Cet entretien avec les journalistes, on le devine, a été voulu pour informer l’opinion nationale. Les représentants de la famille Touré de Bamako, la mine grave, ont été clairs. Ils ne peuvent pas soutenir la liste sur laquelle figure Karim Keïta en vue des élections législatives du 29 mars prochain. Leur colère est telle que tous leurs alliés seront avec eux dans la même disposition contre le golden boy, fils du président IBK.
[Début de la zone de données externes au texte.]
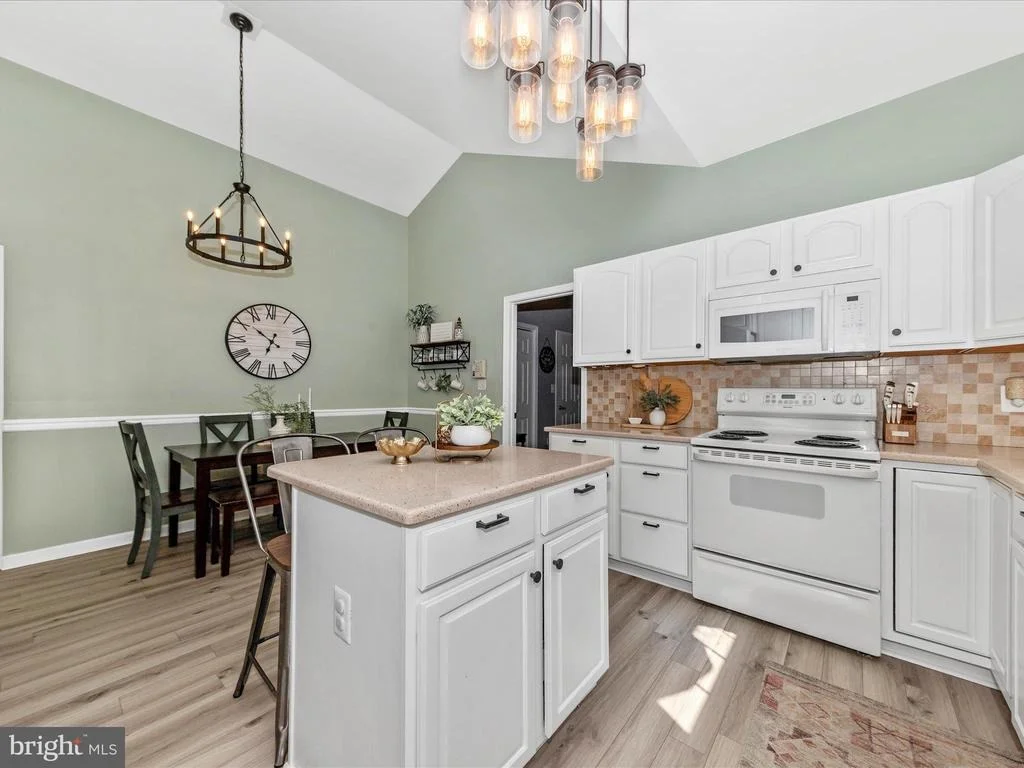 Photo of 84 GORDON DRIVE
Pourquoi ce désamour, qui confine, à peu de chose près, à la haine ? Au coeur de la réaction outrée des Touré se trouve d’abord l’affaire bien connue de la disparition, depuis plusieurs années, du journaliste Birama Touré. Ce dernier avait levé un coin du voile sur des côtés sombres de Karim Keïta et, après cette publication, on ne l’a plus revu, depuis au moins six ans maintenant. Toutes les enquêtes diligentées pour le retrouver ont été vaines, comme noyées, sans doute parce que le principal suspect de son enlèvement est Karim Keïta, député, président de la commission défense de l’Assemblée nationale et par-dessus tout fils de l’actuel chef de l’État. Le journal Le Sphinx, employeur de Birama Touré, a eu beau jeu de mener plusieurs investigations dont les conclusions ont toutes conclu à la culpabilité du parlementaire Karim Keïta, mais la justice n’a jamais cherché à démêler l’écheveau, au point que l’opinion nationale a fini par croire qu’elle participe sciemment à un déni de justice dans l’affaire. Un désintérêt en tout cas à ce point évident qu’aucun mandat n’a été émis à ce jour. Côté enquête de la police, l’inspecteur Papa Mamby Keïta, qui passe pour un as en matière d’investigations, avait réussi, semble-t-il, à réunir plusieurs éléments allant dans le sens de la culpabilité indéniable de Karim Keïta. Mais il dut s’exiler incognito à Paris, ce qui atteste les menaces graves qui le visaient. C’est donc depuis la capitale française que le fin limier policier fait savoir, il y a un peu plus d’un an, qu’ »à l’heure où je vous parle, Birama Touré est mort ». D’ailleurs, Adama Dramé, le directeur de la publication du journal Le Sphinx, qui a été d’une ténacité professionnelle dans l’affaire, a fini, lui aussi, de fuir le pays, pour rejoindre l’inspecteur Papa Mamby Keïta dans son exil parisien.
Telle est la chronique imparfaitement esquissée de la disparition du journaliste Birama Touré, fils de la grande famille Touré de Bamako. Les siens n’ont pourtant jamais chômé dans la recherche de la vérité. Ils ont remué tous les réseaux possibles, y compris jusque dans le cercle présidentiel, mais jamais la lumière n’a pu être faite. À plusieurs reprises, ils ont demandé à Karim Keïta de venir les voir, en famille, pour expliquer ce qu’il en sait. Et jamais il n’a répondu à leur invitation, ce qui leur est resté comme un affront. Mais voilà! Le même Karim Keïta, à la faveur du renouvellement prochain du mandat des députés, se rend poliment chez le patriarche des Touré pour lui demander son soutien et, à travers lui, celui de tout son clan. Le vieil homme, sur son lit, lui donne une fin de non-recevoir et lui exprime sa colère. « Si c’est ton père que j’avais convoqué, il serait venu me voir sans délai. Mais tu es cité au centre de la disparition d’un des miens et tu n’as jamais daigné venir me fournir quelque explication que ce soit, malgré plusieurs appels… »
Mis devant son cynisme politique, Karim Keïta sort de l’entretien avec le vieux Touré et tente une manoeuvre politicienne vers le quartier de Médina-coura. Ce comportement est jugé davantage vexatoire, car considéré comme une volonté de créer la zizanie entre des autorités morales liées depuis des siècles. De quoi augmenter la colère des Touré qui font vite passer le message à leurs bans et arrière-bans. Le mot d’ordre est catégorique : pas question de soutenir une liste où figure le nom de Karim Keïta. Le renouvellement du mandat de celui-ci en devient hypothétique.